The structure of its Recursive Deep Neural Network (RNN) is as follows:

Words are past as part of the input, represented by an embedding of dimensionality \(d\);
The neurons used in the model are not stateless (e.g. like in a regular neuron with an activation function), but have an internal state. Two common examples are Long Short-Term Memory neurons (LSTM) and Gated Recurrent Units (GRU). The set of state variables of the neurons on a single are the layer’s hidden state. In this example, as in most application, we’ll focus on GRU as it includes a single state variable on each neuron (versus two on the LSTM counterpart), making it faster to train;
The network has three fully connected layers:
- an output layer of size \(h\), whose output value is the embedding of the predicted/groundtruth word;
- a single hiddle layer of size \(d\), refering to the hidden space of the current iteration;
- an input layer of length \(h+d\) (when utilizing GRU neurons) or \(2h+d\) (LSTM), referring to the concatenation of the embedding of the previous iteration’s hidden space (we’ll cover this next), and the embeding of the current word being input.

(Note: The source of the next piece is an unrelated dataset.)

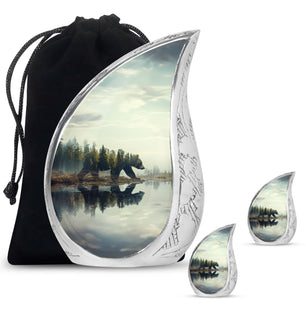 Teardrop Shaped  Large Urn With 2 Keepsake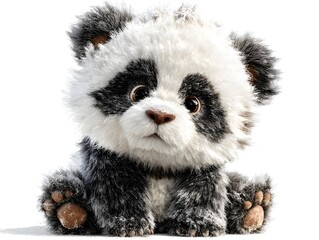 Obraz premium A fluffy panda bear cub sits sweetly while looking forward with big brown eyes on a white background image.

On the first iteration, the input is initialized randomly or with a zero vector;

This structure is easily represented by the following picture:

The recursive deep neural network trained on each step of the encoder-decoder architecture. The blue area represent input neurons. The green area represents a single hidden layer formed by the states of the GRU/LSTM neurons of the RNN. The red area represents the model output. The concatenation of the hidden layer of the previous iteration and the current iteration’s input are used as model input.

The training follows with an encoding and decoding phase:

During the encoding, the RNN processes all the words on the input sequence iteratively, and reutilizes (concatenates) the hidden state of an iteration as input of the next one. The output of the RNN is discarded, as we are simply training the hidden states. When all words have been processed, the hidden state of the RNN is past as input to the first iteration of the decoder;
The decoder takes on its first step the last encoder’s hidden space and concatenates it with the Beginning of Sentence (BOS) flag (user-defined, usually a vector with only zeros or ones). The output is the first predicted word in the target language. All following steps are simillar: the output and hidden state of a single step is past as input to the next one, and the model can then be trained based on the loss on the output (translated word). The last iteration’s output is the flag End of String (EOS), built similarly to BOS. Training of the RNN iterations happens at every iteration, as in a normal Deep Neural Network.

This algorithm can be illustrated as:

The workflow of an encoder-decoder architecture training by learning the translation of the english sentence “Hello World.” to the Frence sentence “Bonjour le monde.”.

Two relevant remarks about the Encoder-Decoder architecture:

Once the network is trained, the translation of a new sentence is executed by running encoder iterations until the flag EOS is output;
An improvement based on the concept of Attention Mechanism delivers improved results by utilising the hidden space of every encoder iteration (not just the last) on the decoding steps, in order to increase the model capatiblities (original paper: Bahdanau et al. Neural Machine Translation by Jointly Learning to Align and Translate);

For the sake of brevity, we will ommit these details and refer you to the Pytorch turorial “NLP from scratch: translation with a sequence to sequence network and attention” if you are curious about the implementation details of regular and attention-based encoder-decoders. Let’s go back to the main subject of this post and the topic of computational complexity.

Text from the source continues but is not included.